Title: Princess Crown
Release Date: March 8, 2007
Publisher (Developer): Atlus (Vanilla Ware)
ESRB Rating: N/A, Cero A
Pros: Easy to play, especially if you use a guide. Beautiful sprites and graphics. Interesting story. Unofficial ‘prequel’ to Odin Sphere. Also affordable.
Cons: Controls take some getting used to. The frames on the sides of the screen get distracting.
Overall Score: 8/10
Vanillaware and Odin Sphere fans won’t want to miss Princess Crown, purely for the nostalgia value. The port of the Sega Saturn title has some issues but, overall, is a delightful game. After only a few minutes of playing you can see how Princess Crown influenced Odin Sphere and, if you’ve played Odin Sphere, you’ll have no problem navigating Princess Crown.
While Princess Crown is a completely 2D, sprite-based game, it is one of the most beautiful PSP titles. The graphics are very detailed and striking, and the characters are memorable. If you can look past the stark frames, you’ll see a stylish game that belongs in the same catagory as Patapon, Loco Roco, Crisis Core: Final Fantasy and Brave Story: The New Traveller.
Becoming a Proper Queen
While Princess Crown features multiple character storylines, like Odin Sphere, the star of the game is Princess Gradriel. After her mother’s death, Gradriel is named her heir and crowned queen of the kingdom. Since her whole life has been spent in the castle with her two elder sisters, she decides the best way to learn about and defend her kingdom is to do some exploring. So, with her fairy assistant Arlia, Gradriel sets out to explore and aid her country.
Three secondary characters also appear in Princess Crown. They pop up throughout Gradriel’s story, and once Gradriel’s story is completed, each of them have a short storyline. Players also get to experience the life of the knight defender Edward, the Robin Hood-esque pirate Portgus and the apprentice witch Prosperina.
Warning: Subtle Eccentricities May Annoy American Gamers
While Princess Crown is lovely, it is a flawed port. These flaws detract only slightly from the great game that lies underneath. Most of these issues stem from a slightly sloppy porting of the original Sega Saturn game, but they aren’t a big enough reason to avoid playing this game.
The first issue is the display. The game wasn’t altered to fit the widescreen format. Instead, frames show up around the game while you play. You can choose different frames but, sometimes, they just feel distracting. You almost get the impression that if they weren’t there, you’d have more freedom to explore or you’d be able to see more enemies coming.

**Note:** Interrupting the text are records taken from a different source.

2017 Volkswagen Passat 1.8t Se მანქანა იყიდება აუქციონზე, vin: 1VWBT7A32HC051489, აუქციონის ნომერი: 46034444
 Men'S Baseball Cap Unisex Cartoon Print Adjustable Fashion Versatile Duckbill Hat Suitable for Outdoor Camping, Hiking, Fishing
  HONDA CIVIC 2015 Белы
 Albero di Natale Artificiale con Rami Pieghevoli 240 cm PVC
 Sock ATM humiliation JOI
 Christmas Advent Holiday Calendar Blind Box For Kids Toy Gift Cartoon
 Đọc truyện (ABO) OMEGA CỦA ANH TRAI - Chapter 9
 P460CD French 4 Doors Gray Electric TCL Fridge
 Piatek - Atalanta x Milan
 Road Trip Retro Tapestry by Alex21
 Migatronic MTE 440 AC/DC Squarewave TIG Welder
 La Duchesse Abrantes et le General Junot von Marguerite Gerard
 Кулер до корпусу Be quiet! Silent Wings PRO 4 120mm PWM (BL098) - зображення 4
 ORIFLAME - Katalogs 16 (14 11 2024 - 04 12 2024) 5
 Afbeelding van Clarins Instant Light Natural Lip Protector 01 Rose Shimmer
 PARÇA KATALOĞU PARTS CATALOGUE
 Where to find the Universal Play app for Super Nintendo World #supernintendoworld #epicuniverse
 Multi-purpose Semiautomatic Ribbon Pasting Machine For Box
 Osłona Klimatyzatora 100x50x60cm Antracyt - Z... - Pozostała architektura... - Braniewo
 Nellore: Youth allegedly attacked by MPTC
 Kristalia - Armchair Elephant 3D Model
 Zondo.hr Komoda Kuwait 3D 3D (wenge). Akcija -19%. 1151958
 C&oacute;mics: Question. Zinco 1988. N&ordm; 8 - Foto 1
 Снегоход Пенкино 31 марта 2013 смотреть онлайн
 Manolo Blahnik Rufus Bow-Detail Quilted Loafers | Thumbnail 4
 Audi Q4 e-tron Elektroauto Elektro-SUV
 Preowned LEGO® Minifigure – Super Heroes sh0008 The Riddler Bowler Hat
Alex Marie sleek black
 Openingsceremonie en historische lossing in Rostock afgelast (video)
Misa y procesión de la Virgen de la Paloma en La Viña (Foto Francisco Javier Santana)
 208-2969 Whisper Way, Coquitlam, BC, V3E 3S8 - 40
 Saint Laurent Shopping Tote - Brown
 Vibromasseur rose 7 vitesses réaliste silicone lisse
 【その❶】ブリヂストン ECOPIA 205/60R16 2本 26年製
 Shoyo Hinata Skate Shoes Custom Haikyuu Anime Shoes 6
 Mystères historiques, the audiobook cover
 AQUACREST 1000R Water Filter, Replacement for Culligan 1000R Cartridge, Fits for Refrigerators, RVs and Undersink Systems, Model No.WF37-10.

The second issue is the controls. They are a bit awkward in part due to the natural Japanese control scheme where O confirms and X cancels actions. When you’re first starting out, it is easy to accidentally open and use something from your item bag or block when you meant to attack. If you stick with it, you’ll adapt to it and it won’t be an issue any longer.
Since there’s a comprehensive guide at GameFaqs, and the game mainly is an action/fighter, it is very import friendly. If you decide that you’d like to play Princess Crown, you shouldn’t have any trouble – especially if you’ve played Odin Sphere.
Wonderful Game, Adequate Port
Overall, Princess Crown‘s PSP port is a wonderful game. If you can get over the lack of widescreen presentation and initially awkward controls, you’ll find yourself enjoying a wonderfully innovative adventure. Odin Sphere fans especially would find themselves adoring Princess Crown, as they’d see many of the concepts they loved in their initial forms.
It is a shame that any version of this game never received a US release. Princess Crown on the Sega Saturn or PSP would be a fantastic addition to either game catalogs. Thankfully, the region-free nature of the PSP allows Atlus, Vanillaware and Odin Sphere fans to pick up this classic treasure.